Remove duplicate keys from Spark Scala

Question

I am using spark 1.2 with scala and have a pair RDD with (String, String). A sample record looks like:

<Key,  value>
id_1,  val_1_1; val_1_2
id_2,  val_2_1; val_2_2
id_3,  val_3_1; val_3_2
id_1,  val_4_1; val_4_2

I just want to remove all the records with duplicate key, so in the above example, fourth record will be removed because id_1 is a duplicate key.

Pls help.

Thanks.

Where there are duplicate keys, how will you decide which value to keep? — mattinbits
The problem is that when Spark does a reduceByKey, as suggested in the answer below, you have no way to know which value will be picked.
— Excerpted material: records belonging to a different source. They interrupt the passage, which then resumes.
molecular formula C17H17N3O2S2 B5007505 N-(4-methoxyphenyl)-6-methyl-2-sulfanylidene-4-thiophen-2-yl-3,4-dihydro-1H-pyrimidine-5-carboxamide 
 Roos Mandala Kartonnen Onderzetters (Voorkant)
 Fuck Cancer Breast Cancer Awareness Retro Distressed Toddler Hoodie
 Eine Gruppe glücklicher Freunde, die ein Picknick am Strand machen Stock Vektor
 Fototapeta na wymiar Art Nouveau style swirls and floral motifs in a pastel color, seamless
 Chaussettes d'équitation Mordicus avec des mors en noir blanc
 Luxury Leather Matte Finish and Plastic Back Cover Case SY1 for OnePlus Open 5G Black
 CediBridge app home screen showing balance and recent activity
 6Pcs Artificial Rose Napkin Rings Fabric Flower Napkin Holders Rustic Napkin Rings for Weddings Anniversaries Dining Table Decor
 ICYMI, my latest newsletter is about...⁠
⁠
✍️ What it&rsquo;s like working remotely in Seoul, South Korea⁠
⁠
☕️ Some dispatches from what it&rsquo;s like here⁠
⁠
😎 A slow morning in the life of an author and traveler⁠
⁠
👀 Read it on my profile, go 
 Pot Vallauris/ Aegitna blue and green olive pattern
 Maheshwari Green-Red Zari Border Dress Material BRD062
There's no guarantee that Spark maintains the ordering of the rows. Is there something about the value (such as the fact it is _1_1) that you can use to differentiate? — mattinbits
@mattinbits, ziipWithIndex first, then in the reduce, just keep the one with the lowest index, then map afterwards to remove the index. Viola! No, wait ,that's a large violin. Volia! — The Archetypal Paul

Jean Logeart Jean Logeart · Accepted Answer · 2015-07-27T14:37:01

You can use reduceByKey:

val rdd: RDD[(K, V)] = // ...
val res: RDD[(K, V)] = rdd.reduceByKey((v1, v2) => v1)